_WORK ORDER_
Pictures in the data should be dropped; transcribe exactly the lines from the one that has "Cincinnati 513 Area" through the one that has "Short denim pants".
[PROVIDED MATERIAL Boundary: Start]
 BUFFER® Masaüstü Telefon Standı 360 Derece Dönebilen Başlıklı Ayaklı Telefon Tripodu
[PROVIDED MATERIAL Boundary: End]
[PROVIDED MATERIAL Boundary: Start]
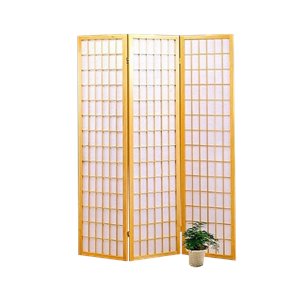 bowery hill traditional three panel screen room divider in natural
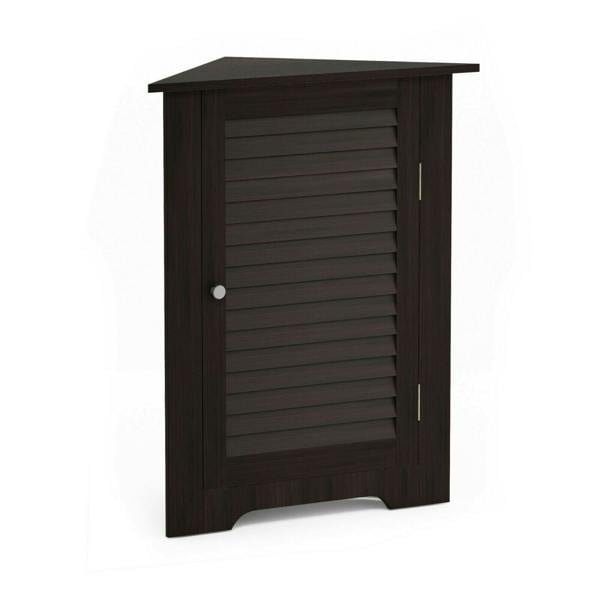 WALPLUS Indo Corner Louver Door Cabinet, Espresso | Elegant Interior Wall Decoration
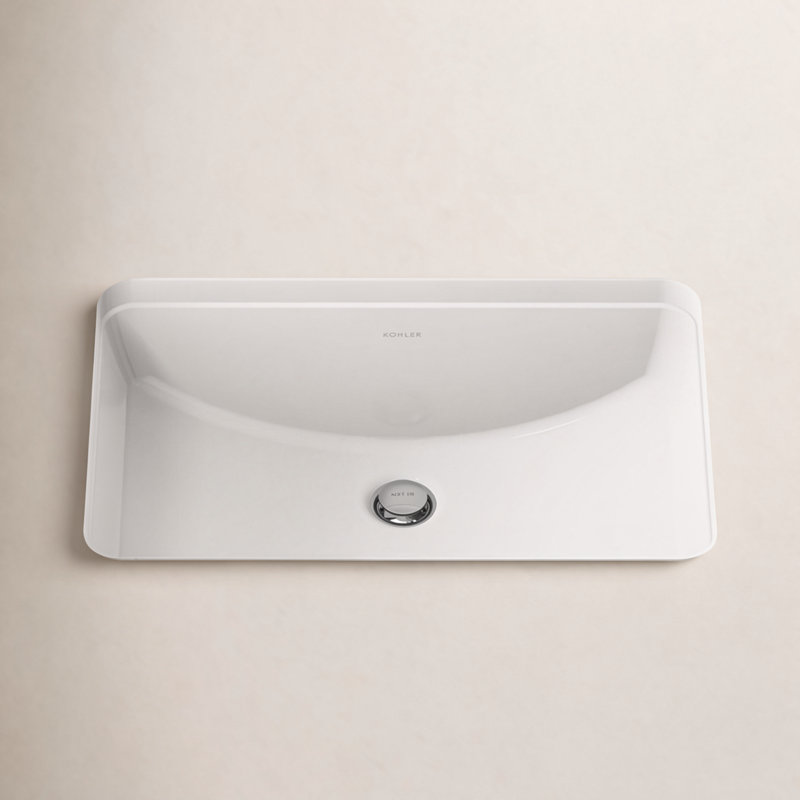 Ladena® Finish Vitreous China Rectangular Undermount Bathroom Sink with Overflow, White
[PROVIDED MATERIAL Boundary: End]
[PROVIDED MATERIAL Boundary: Start]
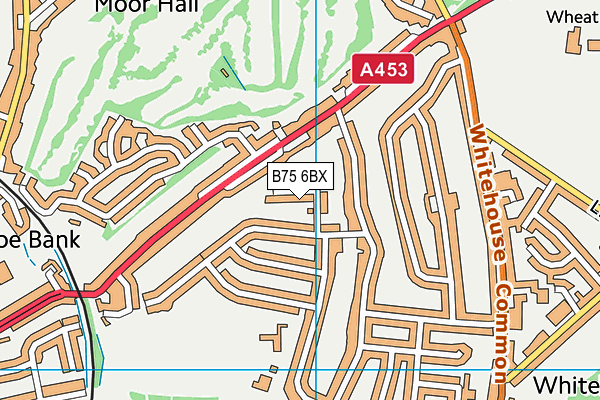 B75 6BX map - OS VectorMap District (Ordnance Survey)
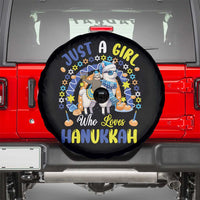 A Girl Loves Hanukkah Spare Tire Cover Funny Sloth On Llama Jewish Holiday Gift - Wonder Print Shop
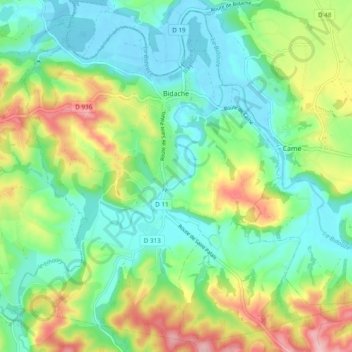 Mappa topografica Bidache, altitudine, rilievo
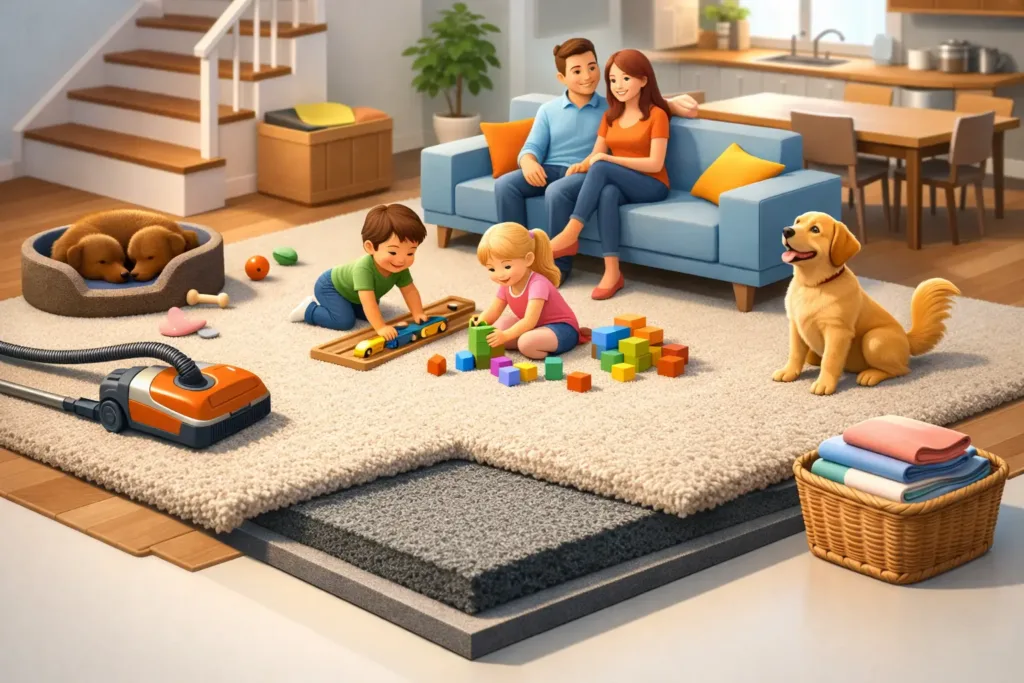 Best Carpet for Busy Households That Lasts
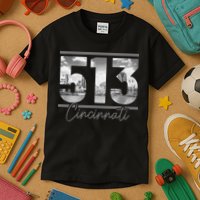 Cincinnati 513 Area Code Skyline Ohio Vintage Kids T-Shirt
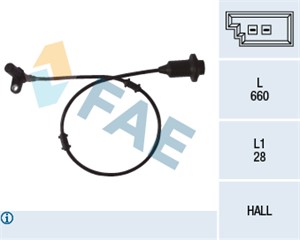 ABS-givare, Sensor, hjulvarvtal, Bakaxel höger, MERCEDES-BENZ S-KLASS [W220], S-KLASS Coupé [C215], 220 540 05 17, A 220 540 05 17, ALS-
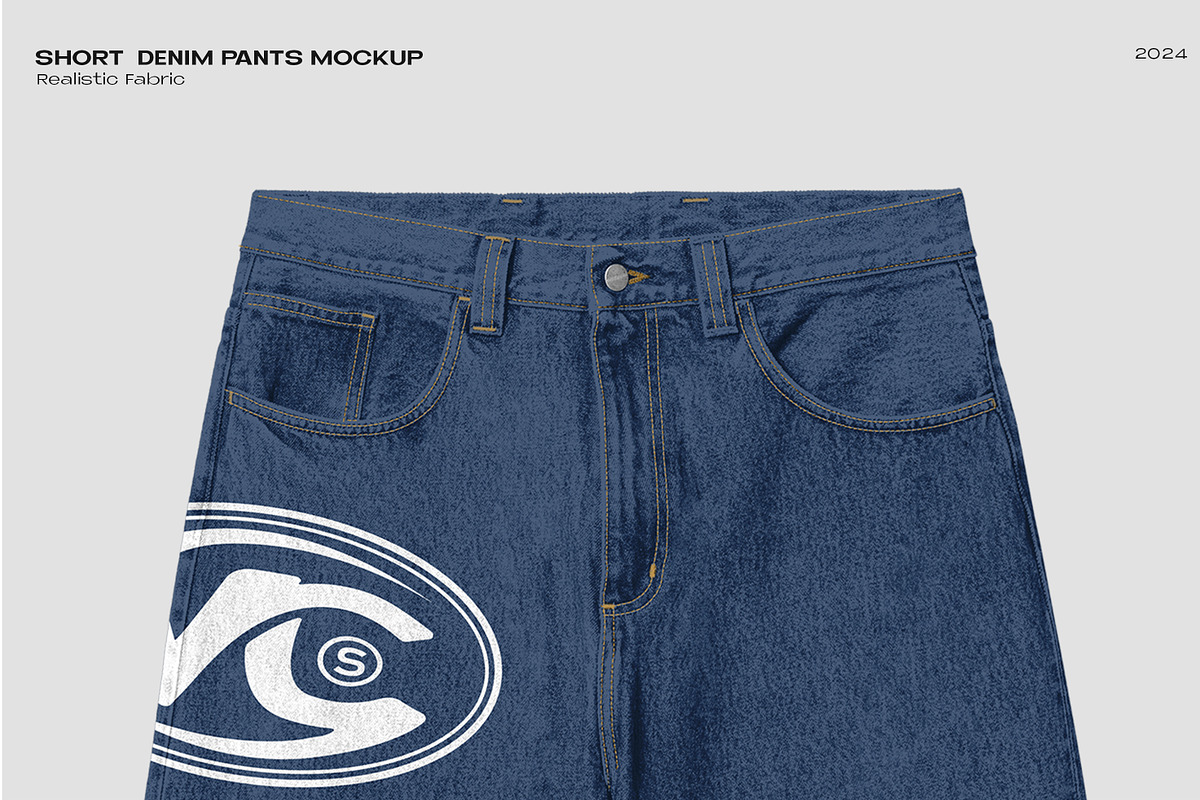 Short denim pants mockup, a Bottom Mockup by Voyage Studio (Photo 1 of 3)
[PROVIDED MATERIAL Boundary: End]
_RESULT BELOW_
 Cincinnati 513 Area Code Skyline Ohio Vintage Kids T-Shirt
 ABS-givare, Sensor, hjulvarvtal, Bakaxel höger, MERCEDES-BENZ S-KLASS [W220], S-KLASS Coupé [C215], 220 540 05 17, A 220 540 05 17, ALS-
 Short denim pants mockup, a Bottom Mockup by Voyage Studio (Photo 1 of 3)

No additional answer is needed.